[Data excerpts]

··········

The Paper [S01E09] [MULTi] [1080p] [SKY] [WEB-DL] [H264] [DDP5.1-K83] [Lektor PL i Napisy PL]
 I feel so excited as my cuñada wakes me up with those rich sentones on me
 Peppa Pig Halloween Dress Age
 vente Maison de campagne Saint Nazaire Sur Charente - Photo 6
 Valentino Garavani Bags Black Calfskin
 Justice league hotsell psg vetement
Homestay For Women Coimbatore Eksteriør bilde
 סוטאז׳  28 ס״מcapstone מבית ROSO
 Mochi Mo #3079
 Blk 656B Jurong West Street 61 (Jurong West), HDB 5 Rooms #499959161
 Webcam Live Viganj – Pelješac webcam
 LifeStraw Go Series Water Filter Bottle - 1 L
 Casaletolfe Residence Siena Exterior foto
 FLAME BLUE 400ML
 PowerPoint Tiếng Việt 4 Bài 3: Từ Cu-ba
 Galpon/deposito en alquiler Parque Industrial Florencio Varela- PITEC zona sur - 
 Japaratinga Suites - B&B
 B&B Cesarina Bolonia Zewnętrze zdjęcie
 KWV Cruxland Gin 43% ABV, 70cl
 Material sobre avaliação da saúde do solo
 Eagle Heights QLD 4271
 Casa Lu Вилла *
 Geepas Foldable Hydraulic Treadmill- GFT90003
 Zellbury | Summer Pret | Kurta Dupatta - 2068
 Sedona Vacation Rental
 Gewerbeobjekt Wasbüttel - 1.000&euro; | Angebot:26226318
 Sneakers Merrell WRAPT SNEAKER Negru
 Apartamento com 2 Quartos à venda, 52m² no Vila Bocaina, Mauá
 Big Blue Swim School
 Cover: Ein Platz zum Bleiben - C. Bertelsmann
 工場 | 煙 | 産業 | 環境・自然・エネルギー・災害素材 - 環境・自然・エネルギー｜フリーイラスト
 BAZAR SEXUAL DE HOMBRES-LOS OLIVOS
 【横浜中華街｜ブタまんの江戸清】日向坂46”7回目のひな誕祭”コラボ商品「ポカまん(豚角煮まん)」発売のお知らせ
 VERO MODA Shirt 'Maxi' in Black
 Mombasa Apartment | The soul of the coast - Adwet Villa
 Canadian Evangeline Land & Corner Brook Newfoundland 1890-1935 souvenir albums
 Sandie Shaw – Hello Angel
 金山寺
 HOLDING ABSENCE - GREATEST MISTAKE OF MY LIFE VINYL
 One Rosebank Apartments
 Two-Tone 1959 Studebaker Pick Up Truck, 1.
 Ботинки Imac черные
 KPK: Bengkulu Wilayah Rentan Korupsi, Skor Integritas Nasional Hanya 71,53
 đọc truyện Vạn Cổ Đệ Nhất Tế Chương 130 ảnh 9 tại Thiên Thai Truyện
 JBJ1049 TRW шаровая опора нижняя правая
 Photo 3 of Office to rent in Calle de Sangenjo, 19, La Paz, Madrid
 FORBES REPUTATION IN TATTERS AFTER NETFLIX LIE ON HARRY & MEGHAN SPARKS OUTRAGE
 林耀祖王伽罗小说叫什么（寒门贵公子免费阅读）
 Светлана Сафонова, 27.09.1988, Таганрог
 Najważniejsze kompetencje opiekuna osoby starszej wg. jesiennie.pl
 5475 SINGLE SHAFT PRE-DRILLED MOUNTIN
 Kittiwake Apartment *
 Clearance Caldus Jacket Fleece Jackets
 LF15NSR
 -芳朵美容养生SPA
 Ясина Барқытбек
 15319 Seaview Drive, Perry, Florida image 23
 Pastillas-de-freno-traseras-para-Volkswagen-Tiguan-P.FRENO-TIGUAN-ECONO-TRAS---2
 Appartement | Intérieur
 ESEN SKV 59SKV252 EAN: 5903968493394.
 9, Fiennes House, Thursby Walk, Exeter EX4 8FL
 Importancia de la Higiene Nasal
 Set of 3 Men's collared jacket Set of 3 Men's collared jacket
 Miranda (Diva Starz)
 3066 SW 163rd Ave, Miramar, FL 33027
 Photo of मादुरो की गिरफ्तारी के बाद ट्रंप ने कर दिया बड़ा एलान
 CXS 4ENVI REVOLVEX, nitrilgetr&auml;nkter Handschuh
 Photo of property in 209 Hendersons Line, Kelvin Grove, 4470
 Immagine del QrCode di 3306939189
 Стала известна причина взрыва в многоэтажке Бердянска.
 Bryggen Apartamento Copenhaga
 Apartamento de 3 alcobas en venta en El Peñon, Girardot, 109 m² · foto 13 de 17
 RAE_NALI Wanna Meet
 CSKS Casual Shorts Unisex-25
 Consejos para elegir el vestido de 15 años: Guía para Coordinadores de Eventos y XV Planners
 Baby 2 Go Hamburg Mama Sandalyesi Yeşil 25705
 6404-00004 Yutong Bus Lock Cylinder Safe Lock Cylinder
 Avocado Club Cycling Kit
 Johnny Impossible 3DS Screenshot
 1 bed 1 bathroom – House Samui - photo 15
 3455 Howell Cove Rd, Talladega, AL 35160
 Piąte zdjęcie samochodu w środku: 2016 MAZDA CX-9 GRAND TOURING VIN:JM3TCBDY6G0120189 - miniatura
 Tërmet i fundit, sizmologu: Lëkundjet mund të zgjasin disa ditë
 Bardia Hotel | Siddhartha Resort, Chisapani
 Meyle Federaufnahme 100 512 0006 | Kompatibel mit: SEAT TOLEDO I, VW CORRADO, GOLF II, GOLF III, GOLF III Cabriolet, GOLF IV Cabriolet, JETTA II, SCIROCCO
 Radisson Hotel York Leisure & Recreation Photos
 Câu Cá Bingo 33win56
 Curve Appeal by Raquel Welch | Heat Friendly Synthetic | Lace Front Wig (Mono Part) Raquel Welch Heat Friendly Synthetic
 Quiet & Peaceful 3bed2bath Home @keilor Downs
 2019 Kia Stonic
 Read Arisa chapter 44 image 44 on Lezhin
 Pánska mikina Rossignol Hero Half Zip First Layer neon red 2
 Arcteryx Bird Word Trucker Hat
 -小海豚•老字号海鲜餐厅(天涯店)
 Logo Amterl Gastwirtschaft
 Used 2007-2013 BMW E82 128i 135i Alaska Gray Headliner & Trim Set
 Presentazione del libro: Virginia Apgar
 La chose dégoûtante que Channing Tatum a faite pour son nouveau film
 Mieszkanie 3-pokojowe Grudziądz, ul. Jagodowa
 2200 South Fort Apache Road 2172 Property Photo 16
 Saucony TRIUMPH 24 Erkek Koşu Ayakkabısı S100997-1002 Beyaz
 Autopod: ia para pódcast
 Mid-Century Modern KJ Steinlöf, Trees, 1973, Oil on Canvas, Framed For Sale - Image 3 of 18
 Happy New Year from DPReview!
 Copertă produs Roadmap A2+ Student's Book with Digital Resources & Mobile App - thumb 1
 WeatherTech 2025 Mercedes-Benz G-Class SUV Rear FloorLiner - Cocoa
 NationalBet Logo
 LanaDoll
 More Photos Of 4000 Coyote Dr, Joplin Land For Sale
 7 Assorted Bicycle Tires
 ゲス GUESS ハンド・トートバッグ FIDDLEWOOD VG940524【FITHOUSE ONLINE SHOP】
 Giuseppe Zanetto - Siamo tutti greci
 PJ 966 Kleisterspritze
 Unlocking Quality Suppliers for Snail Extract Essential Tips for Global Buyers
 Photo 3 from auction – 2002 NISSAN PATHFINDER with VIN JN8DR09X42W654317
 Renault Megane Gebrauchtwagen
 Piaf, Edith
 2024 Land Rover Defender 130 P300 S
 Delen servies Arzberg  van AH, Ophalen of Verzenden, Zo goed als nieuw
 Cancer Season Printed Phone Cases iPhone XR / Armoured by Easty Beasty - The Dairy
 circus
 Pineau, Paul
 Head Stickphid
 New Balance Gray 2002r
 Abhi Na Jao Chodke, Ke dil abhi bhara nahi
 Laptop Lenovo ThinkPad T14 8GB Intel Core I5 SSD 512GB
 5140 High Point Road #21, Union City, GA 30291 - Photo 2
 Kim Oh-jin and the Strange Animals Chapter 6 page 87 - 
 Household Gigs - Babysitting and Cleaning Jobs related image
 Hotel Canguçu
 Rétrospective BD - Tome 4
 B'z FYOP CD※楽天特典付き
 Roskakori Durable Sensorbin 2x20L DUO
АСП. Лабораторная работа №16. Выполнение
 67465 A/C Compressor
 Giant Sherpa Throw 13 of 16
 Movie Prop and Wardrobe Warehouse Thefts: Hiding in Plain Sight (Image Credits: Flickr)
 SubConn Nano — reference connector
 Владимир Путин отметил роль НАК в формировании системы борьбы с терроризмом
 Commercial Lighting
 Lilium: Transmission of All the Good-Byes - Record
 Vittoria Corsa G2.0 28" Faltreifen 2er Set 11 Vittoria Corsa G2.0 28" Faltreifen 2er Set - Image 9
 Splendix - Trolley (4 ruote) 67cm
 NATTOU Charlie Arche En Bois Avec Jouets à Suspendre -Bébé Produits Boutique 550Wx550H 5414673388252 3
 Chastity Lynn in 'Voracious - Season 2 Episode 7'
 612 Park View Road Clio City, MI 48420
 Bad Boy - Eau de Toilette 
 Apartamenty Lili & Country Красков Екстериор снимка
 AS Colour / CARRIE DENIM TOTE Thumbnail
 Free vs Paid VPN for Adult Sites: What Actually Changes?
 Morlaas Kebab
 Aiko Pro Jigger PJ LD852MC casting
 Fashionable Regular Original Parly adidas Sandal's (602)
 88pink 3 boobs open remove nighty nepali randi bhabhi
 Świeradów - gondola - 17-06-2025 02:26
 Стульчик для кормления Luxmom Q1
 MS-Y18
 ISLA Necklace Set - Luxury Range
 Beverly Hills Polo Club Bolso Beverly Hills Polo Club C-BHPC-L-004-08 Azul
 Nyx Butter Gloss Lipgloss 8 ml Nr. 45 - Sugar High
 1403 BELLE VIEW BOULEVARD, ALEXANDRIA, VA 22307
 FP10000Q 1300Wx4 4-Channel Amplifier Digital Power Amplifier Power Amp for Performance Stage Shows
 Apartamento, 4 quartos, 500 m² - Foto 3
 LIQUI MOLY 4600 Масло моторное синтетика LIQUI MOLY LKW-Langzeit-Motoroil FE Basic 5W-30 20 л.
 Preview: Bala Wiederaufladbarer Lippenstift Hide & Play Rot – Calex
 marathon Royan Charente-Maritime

··········

EXERCISE
Once the line with "PJ 966 Kleisterspritze" is found in the records above, print exactly that line and every line after it through the line with "Household Gigs - Babysitting".

RESULT OF THIS EXERCISE
 PJ 966 Kleisterspritze
 Unlocking Quality Suppliers for Snail Extract Essential Tips for Global Buyers
 Photo 3 from auction – 2002 NISSAN PATHFINDER with VIN JN8DR09X42W654317
 Renault Megane Gebrauchtwagen
 Piaf, Edith
 2024 Land Rover Defender 130 P300 S
 Delen servies Arzberg  van AH, Ophalen of Verzenden, Zo goed als nieuw
 Cancer Season Printed Phone Cases iPhone XR / Armoured by Easty Beasty - The Dairy
 circus
 Pineau, Paul
 Head Stickphid
 New Balance Gray 2002r
 Abhi Na Jao Chodke, Ke dil abhi bhara nahi
 Laptop Lenovo ThinkPad T14 8GB Intel Core I5 SSD 512GB
 5140 High Point Road #21, Union City, GA 30291 - Photo 2
 Kim Oh-jin and the Strange Animals Chapter 6 page 87 - 
 Household Gigs - Babysitting and Cleaning Jobs related image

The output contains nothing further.